Julian Schnabel is an American painter whose style was part of the Neo-Expressionist movement of the 1980s. His works with their excessive mixed media, self-consciously gestural brushwork, and crude figuration aligned with the trend of the era to push back against the previous decade’s reliance on minimalism and conceptualism.
Pascin Pig Passin Time is part of his broken plate series of paintings. Inspired by the trencadís (or broken tile mosaic) of Gaudí, this series of works brought theatricality and process back to mainstream painting. The broken ceramics give Schnabel an assertive and textural surface in which to create large-scale works that captured the brash and audacious period of the 1980s.
Colossal would be an understatement for Nicknames of Maitre D’s, in size and in concept. The triptych is a riot of oil, dirt, and modeling paste on velvet, a favorite textile of Schnabel. The velvet absorbs light, making way for luminescent color, while also speaking to the era’s postmodern embrace of kitsch in its reference to velvet paintings. Nicknames of Maitre D’s recalls his memories in nightclubs like Max’s Kansas City and Bhavanda Lounge where the viewer can see references to neon tubes, jukeboxes, dancing, and graffiti. Writ large in the painting are the European influences on Schnabel – Anselm Kiefer, Sigmar Polke, and Joseph Beuys – in his use of unconventional material and layered imagery. In short, this painting is exemplary of Schnabel’s process and style, right down to the humorous reference that he is in the know having learned the nicknames of maître d’s.

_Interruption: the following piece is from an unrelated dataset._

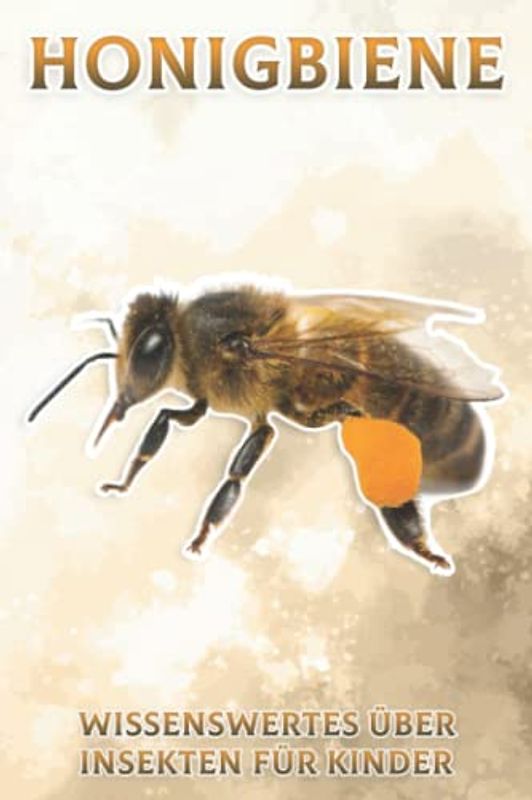 Honigbiene: Wissenswertes über Insekten für Kinder #18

The two Untitled paintings represent another evolution in Schnabel’s process. Continuing to paint on unusual supports, in this case dropcloth, Schnabel has matured into a deeper exploration of paint and materiality combining oil, resin, gesso, fabric, and leather.
Monumental in scale, Schnabel’s paintings break free of conventional restraint. With his mercurial and alchemical vision and through unconventional materials, he transforms his paintings into edifices brimming with symbolism while still aligning itself with the grand European tradition of painting.